Repeat the data as given. Images do not go in the copy.
=======
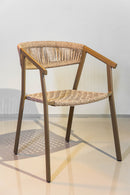 Poltrona Duda com estrutura em alumínio com pintura eletrostática e revestida em corda náutica de 5 mm com proteção UV. Trançado artesanal, ideal para ambientes internos e externos, com personalização de cores. Dimensões: Largura: 57 cm | Profundidade: 54 cm | Altura: 78 cm. Acompanha uma unidade. Outros itens mostrados na fotografia não estão incluídos.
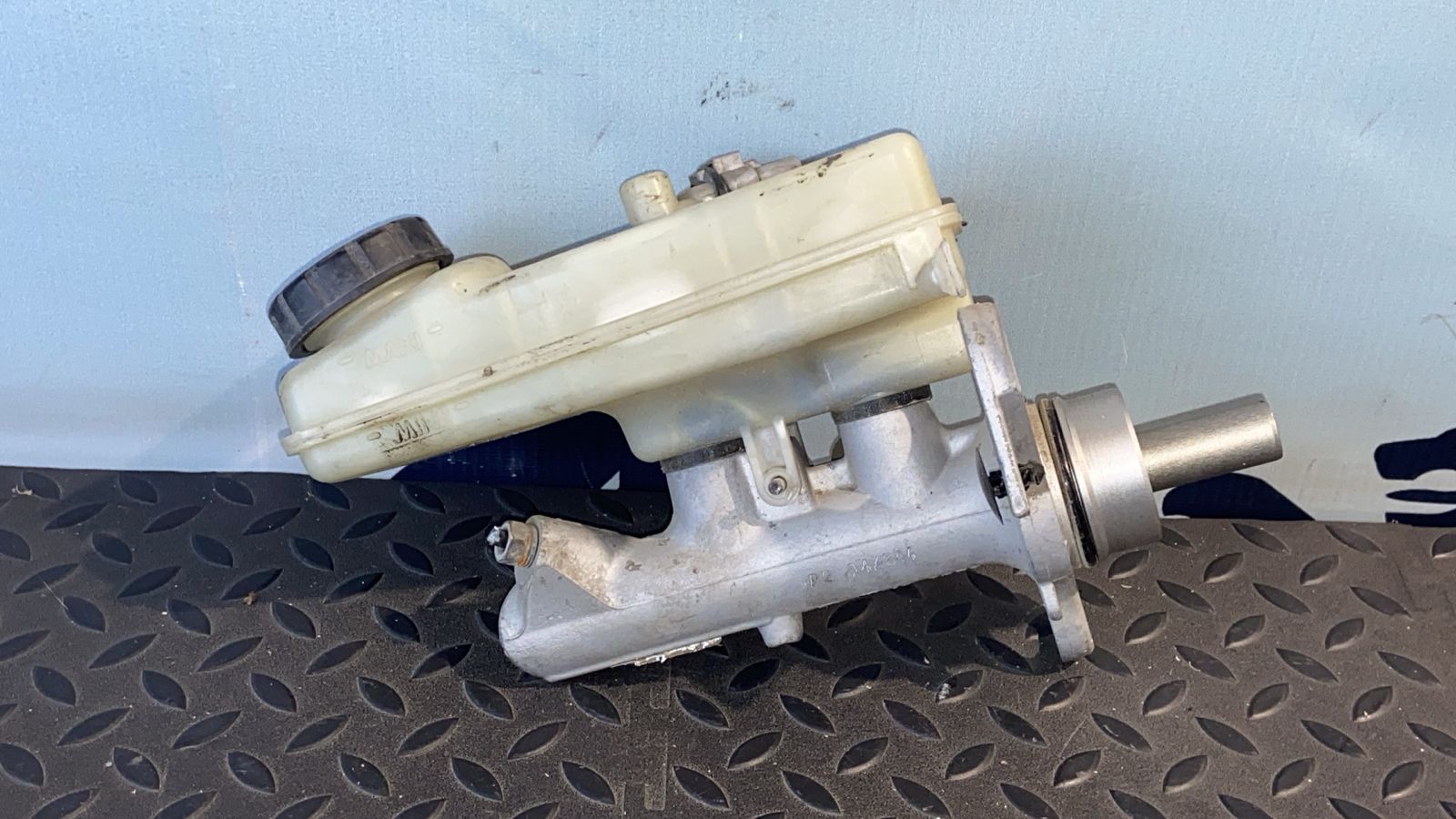 Цилиндр тормозной главный Renault Scenic/2 2003-2009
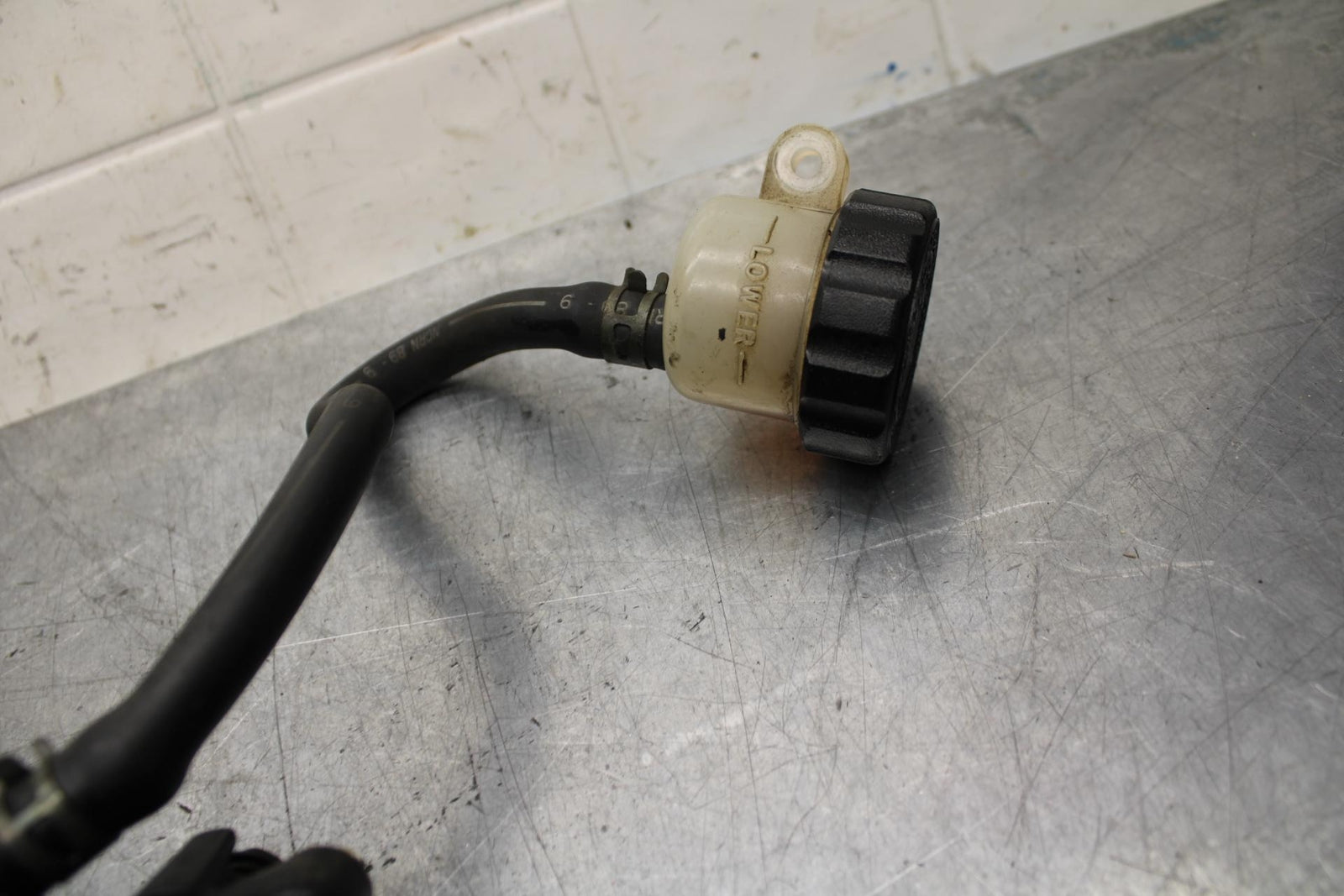 89-90 YAMAHA FZR600 REAR  BRAKE MASTER CYLINDER W RESERVOIR 1WG-25850-50-00 BB76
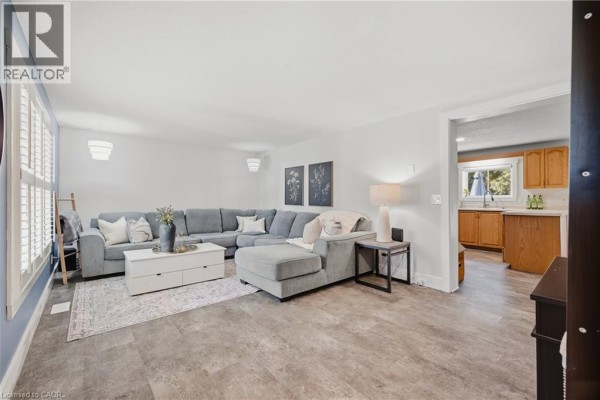 Living room - 1065 Howick Street, Wroxeter, ON N0G2X0 Photo 3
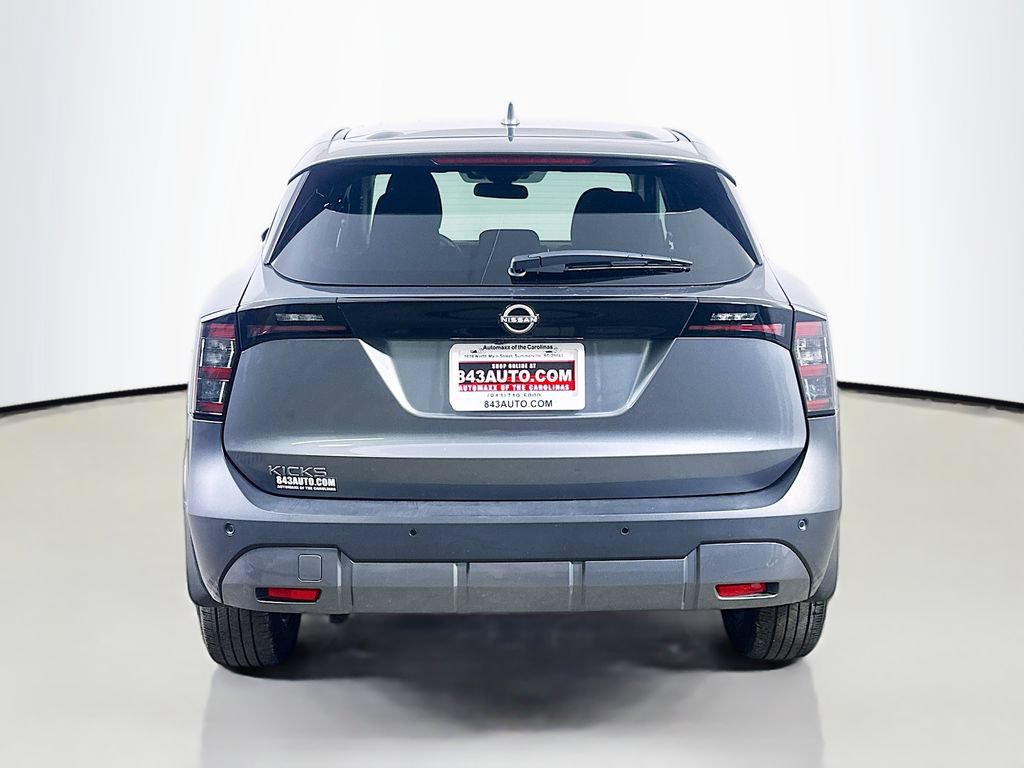 Used 2025 Nissan Kicks SV FWD image 6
=======
## EXPECTED OUTPUT
 Poltrona Duda com estrutura em alumínio com pintura eletrostática e revestida em corda náutica de 5 mm com proteção UV. Trançado artesanal, ideal para ambientes internos e externos, com personalização de cores. Dimensões: Largura: 57 cm | Profundidade: 54 cm | Altura: 78 cm. Acompanha uma unidade. Outros itens mostrados na fotografia não estão incluídos.
 Цилиндр тормозной главный Renault Scenic/2 2003-2009
 89-90 YAMAHA FZR600 REAR  BRAKE MASTER CYLINDER W RESERVOIR 1WG-25850-50-00 BB76
 Living room - 1065 Howick Street, Wroxeter, ON N0G2X0 Photo 3
 Used 2025 Nissan Kicks SV FWD image 6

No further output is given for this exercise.